The romance of my trip to Italy had been enticing – an expedition paid for by a studio committed to funding a film I’d written with the very intention of securing a free holiday. But a holiday this was not. My producer overlords had been very clear that this was to be a work trip, and, with just two days to complete their demands, what had originally promised to be an escape from Oxford’s crushing workload was looking increasingly work-heavy. Already a logistical challenge I was entirely unsuited for, I would also be responsible for two companions: Ellis, a photographer friend of mine, and his girlfriend, Liska. Both half a decade older than me, my attempts to assert my maturity and responsibility as the one in charge were almost immediately undone when it became clear that I had entirely confused Milan’s two airports. We were not in fact landing at Linate, a convenient walking distance to the required train station, as I’d anticipated, but Malpensa, an airport which was not just further away from the station but in fact lay a substantial distance outside the city itself. We subsequently missed the last train and spent the night roaming Milan, drifting from club to club until five in the morning, when we caught the train to the little town where we were staying. We finally arrived at the Airbnb, a rather grand villa, to be greeted by the owner Alberto, a well-dressed, white-haired man poking his head out of an upstairs window with a look that suggested he had not been expecting his tenant to be the hoodied teenager wobbling at his door. After confirming my identity he did end up letting us in and I promptly collapsed onto the sofa and into oblivion.

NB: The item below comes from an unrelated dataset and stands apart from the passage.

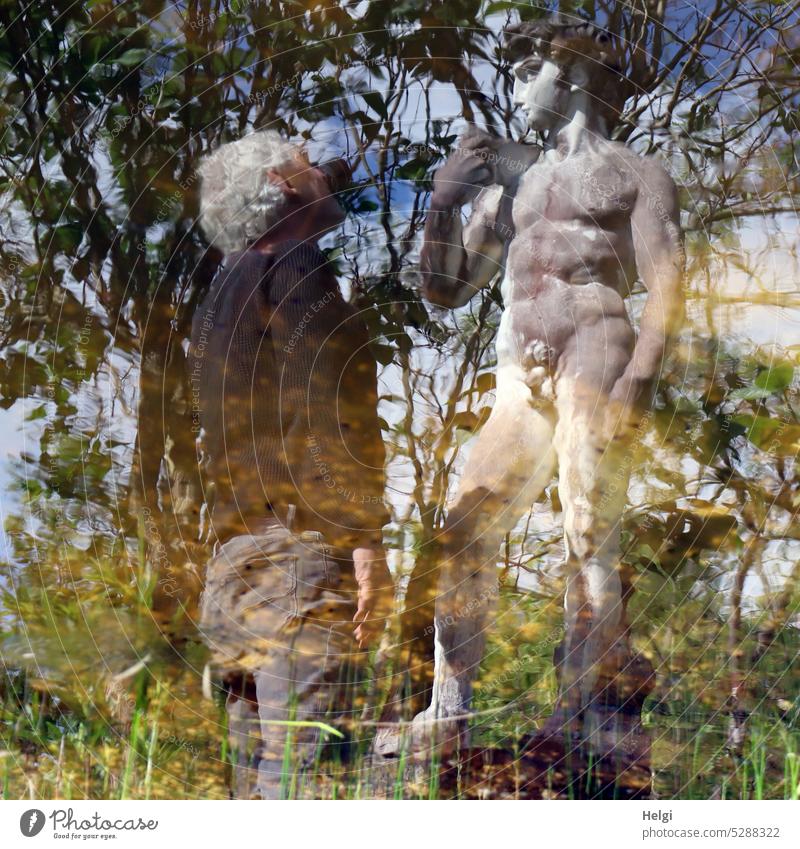 MainFux-UT | Underwater Encounter Man Human being Statue Photographer Masculine Nude photography Naked Lake Pond Water Surface of water Reflection Stone Tree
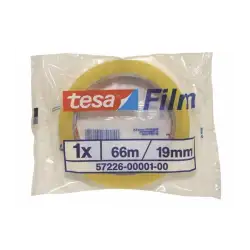 (57226-00001-02) TESA FILM CINTA ADHESIVA TRANSPARENTE STANDARD ROLLO 19MM X 66M EN BOLSITA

I woke, sore and dazed to Ellis shaking me firmly and to the realisation that my first obligation, meeting representatives of the local film commission in the nearby town of Crema, was due to begin in a quarter of an hour. I rushed frantically down to the villa’s courtyard and, noticing an available-looking old bike, grabbed it hastily and began peddling away on what I could only imagine from its rattling frame and screeching brakes must have been an ancient relic. Steering with one hand and holding Google Maps out in the other, eventually, dripping with sweat, I arrived at the café to find a group of men sitting outside chatting boisterously in Italian over red wine and cigarettes. They welcomed my arrival with raised hands and a chorus of “ciaos”, pulling out a seat at the table. I would spend the next four hours there, occasionally discussing my film, constantly being plied with wine. By the time the meeting had concluded the sun had begun to set and I was very much feeling the effects of the wine. I remounted the bike with some difficulty and started wobbling along the road as the amber glow that bathed the Italian countryside faded into darkness. Over an hour later, and having toppled over twice, I finally managed to make it back to the villa. Finding Ellis and Liska asleep, I sat for a moment on the couch to catch my breath and then promptly slept.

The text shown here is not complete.